Decentralized Cloud Exchange Specification

Summary

Decentralized cloud computing exchange connects those who need computing resources with those that have computing capacity to lease providers. Based on the Akash Network Whitepaper.

Specification

Summary
Specification
- Workflow
Actors
Distributed Exchange
Deployments
Automation
- Examples
  - Latency-Optimized Deployment
  - Machine Learning Deployment
History
Copyright

Workflow

Tenants define desired infrastructure, workloads to run on infrastructure, and how workloads can connect to one another.
- Desired lifetime of resources is expressed via collateral requirements.
Orders are generated from the tenant’s definition.
Datacenters bid on open orders.
The bid with lowest price gets matched with order to create a lease.
Once lease is reached, workloads and topology are delivered to datacenter.
Datacenter deploy workloads and allow connectivity as specified by the tenant.
If a datacenter fails to maintain lease, collateral is transferred to tenant, and a new order is crated for the desired resources.

Actors

Tenants

A tenant hosting an application on the Akash network

Datacenters

Each datacenter will host an agent which is a mediator between the with the Akash Network and datecenter-local infrastructure.

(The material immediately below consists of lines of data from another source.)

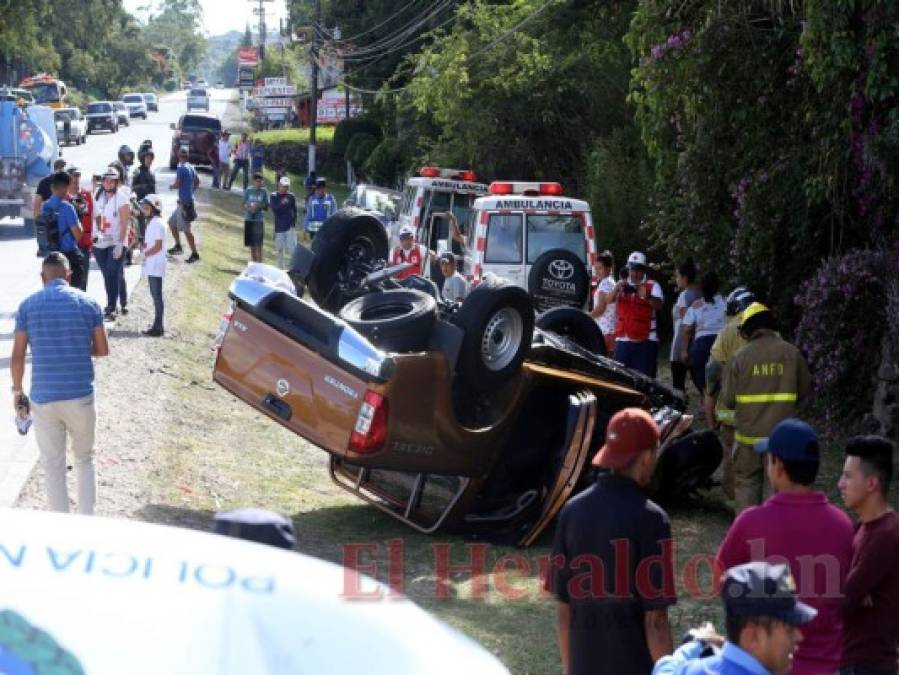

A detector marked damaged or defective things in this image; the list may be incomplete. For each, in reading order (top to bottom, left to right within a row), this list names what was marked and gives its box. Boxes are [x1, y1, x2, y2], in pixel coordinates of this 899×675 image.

damaged vehicle [213, 206, 724, 544]
overturned pickup truck [213, 214, 724, 548]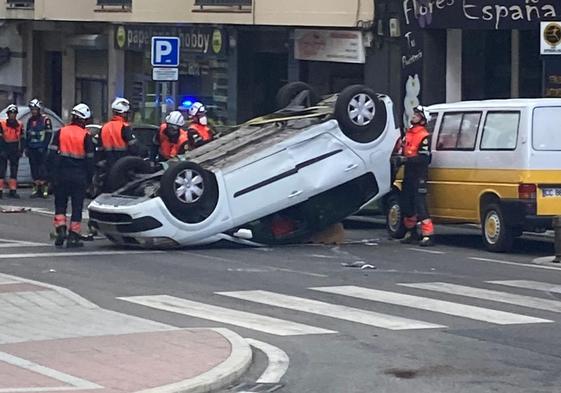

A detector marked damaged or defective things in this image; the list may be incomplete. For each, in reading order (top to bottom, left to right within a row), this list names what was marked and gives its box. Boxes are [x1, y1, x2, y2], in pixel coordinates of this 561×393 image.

overturned white car [88, 82, 398, 247]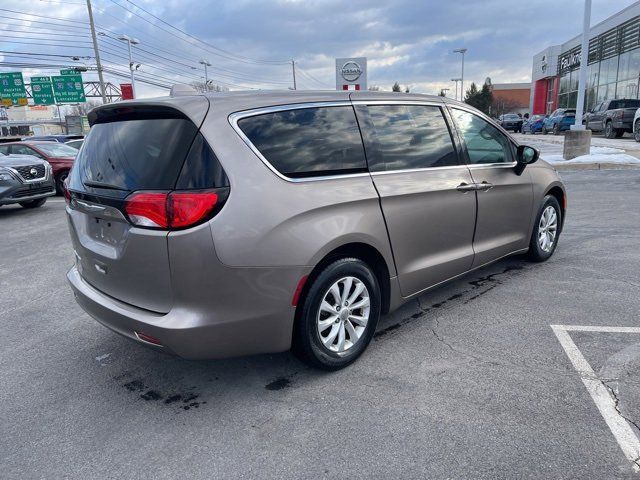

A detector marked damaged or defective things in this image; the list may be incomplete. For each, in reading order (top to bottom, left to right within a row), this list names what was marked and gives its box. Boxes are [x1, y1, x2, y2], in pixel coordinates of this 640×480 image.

cracked pavement [1, 168, 640, 476]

The datacenter agent is responsible for

Bidding on orders fulfillable by the datacenter.
Managing managing active leases it is a provider for.

Validators

A Akash Node that is elected to be a validator in the DPoS consensus scheme.

Marketplace Facilitators

Marketplace facilitators maintain the distributed exchange (marketplace). Validators will initially perform this function.

Distributed Exchange

Global Parameters

Name	Description
reconfirmation-period	Number of blocks between required lease confirmations
collateral-interest-rate	Interest rate awarded to datacenters for collateral posted with fulfillment orders

Models

ComputeUnit

Field	Definition
cpu	Number of vCPUs
memory	Amount of memory in GB
disk	Amount of block storage in GB

ResourceGroup

Field	Definition
compute	compute unit definition
price	Price of compute unit per time unit
collateral	Collateral per compute unit
count	Number of defined compute units

Deployment

A Deployment represents the state of a tenant’s application. It includes desired infrastructure and pricing parameters, as well as workload definitions and connectivity.

Field	Definition
infrastructure	List of deployment infrastructure definitions
wait-duration	Amount of time to wait before matching generated orders with fulfillment orders

DeploymentInfrastructure

DeploymentInfrastructure represents a set of resources (including pricing) that a tenant would like to be provisioned in a single datacenter. orders are created from deployment infrastructure as necessary.

Field	Definition
region	Geographic region of datacenter
persist	Whether or not to maintain active lease if current lease is broken
resources	List of resource groups for this datacenter

Within the resources list, resource group fields are interpreted as follows:

Field	Definition
price	Maximum price tenant is willing to pay.
collateral	Amount of collateral that the datacenter must post when creating a fulfillment order

Order

A Order is generated for each deployment infrastructure present in the deployment.

Field	Definition
region	Geographic region of datacenter
resources	List of resource groups for this datacenter
wait-duration	Number of blocks to wait before matching the order with fulfillment orders

Fulfillment

A Fulfillment represents a datacenter’s interest in providing the resources requested in a order.

Field	Definition
order	ID of order which is being bid on.
resources	List of resource groups for this datacenter.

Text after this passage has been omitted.